═════ Dataset content ═════

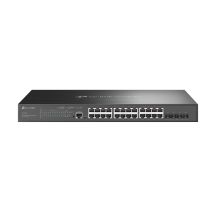 TP-Link Omada SG3428MP przełącznik sieciowy Zarządzany L2+ Gigabit Ethernet (10/100/1000) Obsługa PoE 1U Czarny
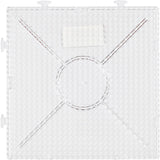 Assiette de base Nabbi, grand carré, dim. 15x15 cm, moyenne, transparente, 1 pièce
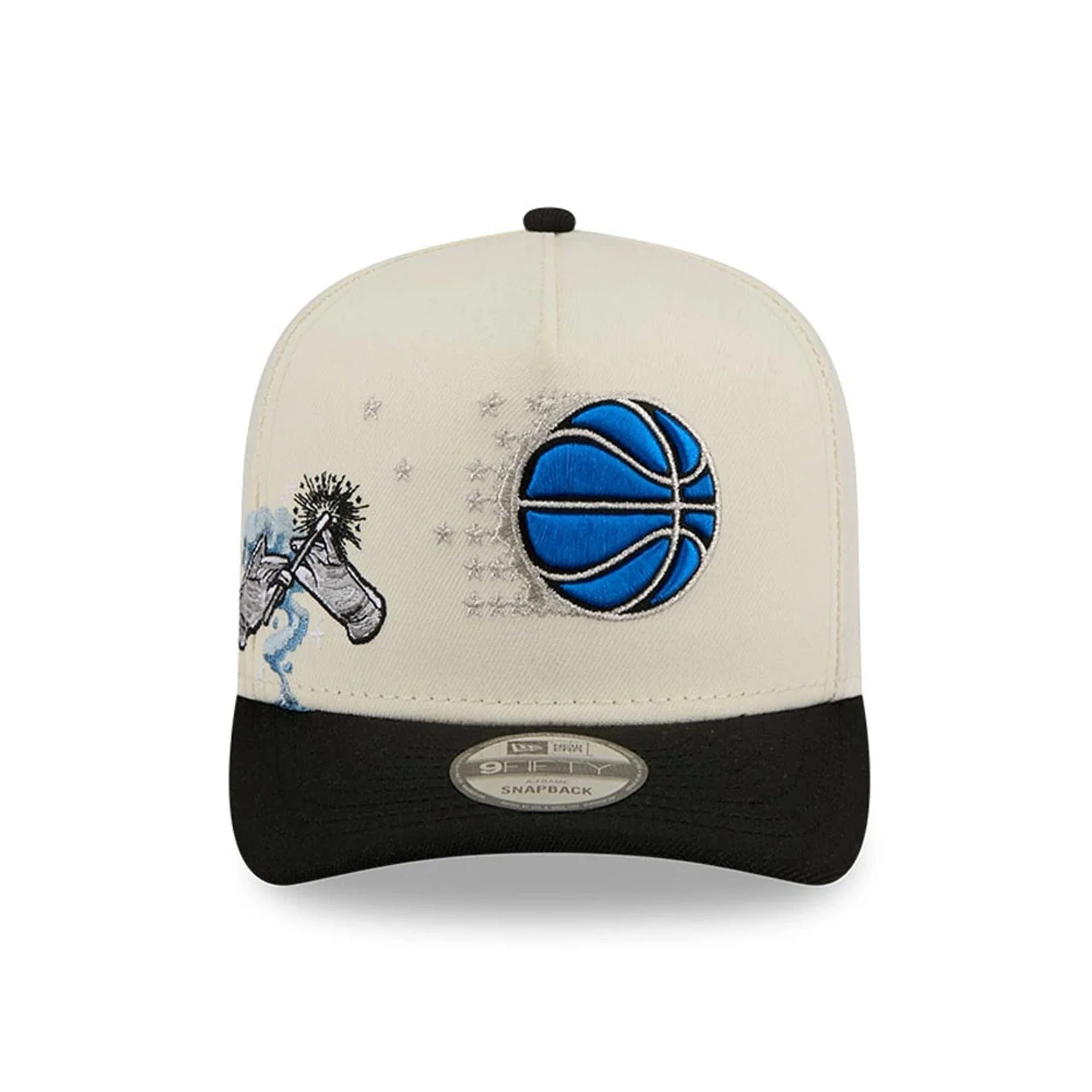 Orlando Magic NBA Black 9FIFTY A-Frame Snapback Adjustable Cap - Image 3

═════

What the exercise asks:
Everything in the data except the pictures must be transcribed exactly.

Answer for the task:
 TP-Link Omada SG3428MP przełącznik sieciowy Zarządzany L2+ Gigabit Ethernet (10/100/1000) Obsługa PoE 1U Czarny
 Assiette de base Nabbi, grand carré, dim. 15x15 cm, moyenne, transparente, 1 pièce
 Orlando Magic NBA Black 9FIFTY A-Frame Snapback Adjustable Cap - Image 3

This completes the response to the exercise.